In a crowded and diverse awards season, Three Billboards Outside Ebbing, Missouri has emerged as something of a polarizing front runner. The film has racked up top honors at the Golden Globes and SAG Awards, and is nominated at several upcoming award shows, including the Oscars. Actors Frances McDormand and Sam Rockwell have also emerged as frontrunners in their individual categories, but following the early critical raves and statuette success a backlash has formed. The issue? Rockwell plays a crooked, bigoted and downright stupid cop who is prone to random acts of violence and once tortured a black man in custody, an incident his superiors are willing to look past. Of course, as with most movies, the character is challenged and undergoes changes as a result, and some view his ultimate arc as too tidy of a redemption story that excuses his previous actions in the process.

Writer and director Martin McDonagh has now broken his silence on the criticism, admitting that while it stung, he ultimately doesn’t agree.

“I don’t think his character is redeemed at all – he starts off as a racist jerk,” McDonaugh told Entertainment Weekly. He’s the same pretty much at the end, but, by the end, he’s seen that he has to change. There is room for it, and he has, to a degree, seen the error of his ways, but in no way is he supposed to become some sort of redeemed hero of the piece.”
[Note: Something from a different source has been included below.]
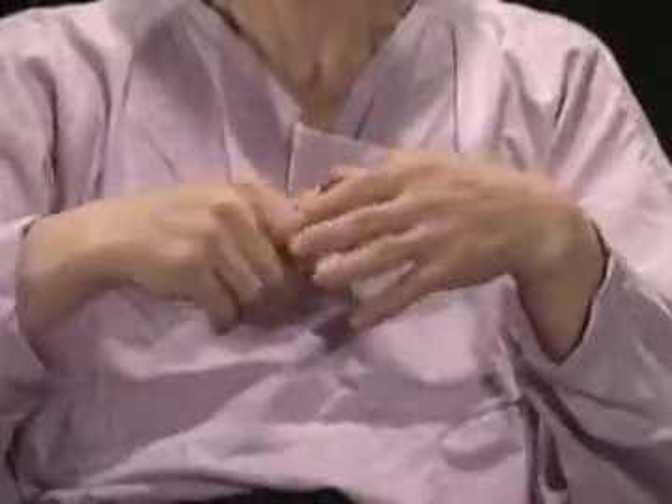반대 손으로 각 손가락을 잡고 엄지와 인지로 서로 당기며 흔들어줍니다. 이 운동은 관절 질병에 많은 예방과 효과를 줌과 동시에 손가락, 손톱 뿌리에 있는 각 경락을 자극하여 뇌의 활동을 좋게 하고 정신을 맑게 하며 기억력 향상에 많은 도움을 줍니다.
He added that the film is supposed to be provocative and is “deliberately messy.” Even the protagonist of the film played by McDormand isn’t free from sin. She’s certainly not a straightforward hero, either. Still, McDonagh was hurt by the criticism.

“I kind of get hurt and wonder, why doesn’t everyone love it?” he said. “But I don’t like films that everyone loves. And we’re not making films for six year olds, we’re not making The Avengers. We’re trying to do something that’s a bit little more difficult and more thoughtful.”

McDonagh first developed the idea for the film decades ago when he passed a billboard somewhere near Florida asking for help with solving a mysterious murder (in the film, McDormand put up three billboards criticizing the local police department for not doing enough to capture the person or people who raped and murdered her daughter). McDonagh wrote the script about eight years before production, but it arrived at a time when the film’s theme touches on current events like the Black Lives Matter movement, concerns over police brutality and corruption in general, and Time’s Up.

Ultimately, the backlash may not be to blame if Billboards loses the Oscar for Best Picture, but rather’s the Academy’s particular voting process for the awards. Voters rank their favorite pictures rather than ticking a box next to their favorite, like they do for other categories at the Oscars and in Best Picture categories for most other awards. That dynamic doesn’t bode well for films that have proven to be polarizing, and in part, that’s why most prognosticators are claiming the The Shape of Water is now the safe bet. McDormand or Rockwell’s individual odds are still good, though–they’re both very much front runners in their categories.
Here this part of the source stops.